On a rather windy late August day some time ago, I passed the Filey Butlin’s in my car and pulled over to have a look at it. It had been left for some time and demolition had already started. I ambled briefly around the chalets and without a camera I was left with just the eeriness of of the place to fill my head. Strange echoes and the omnipresent recapture of land by mother nature.
The very idea of British holiday camps impresses me and I find that their rather brutal approach to ‘having fun’ is an interesting thing. The idea of staying in one place where everything you could possibly need to enjoy yourself is knocked together in plywood and corrugated metal with coloured lights on is strangely appealing.

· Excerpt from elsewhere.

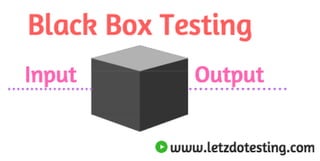 Black box-testing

In particular, I’m very fond of the themed bars and stylised areas of Butlins. The ‘Hawaiian bar’ or the ‘Pool Terrace’, decorated with LSD inspired carpets and plastic orange stools now seem rather splendid settings to smoke a woodbine or two and perhaps enjoy a tall glass of Martini Rosso.
I like the gallery section of ‘Remember Filey Butlins’ – genuinely quite nostalgic. There are also tons of pictures (old and new) of Butlins across Britain on Flickr. There is something heartaching about the old discoloured pictures of these places that tells a very profound tale of the British working class holiday of yesteryear.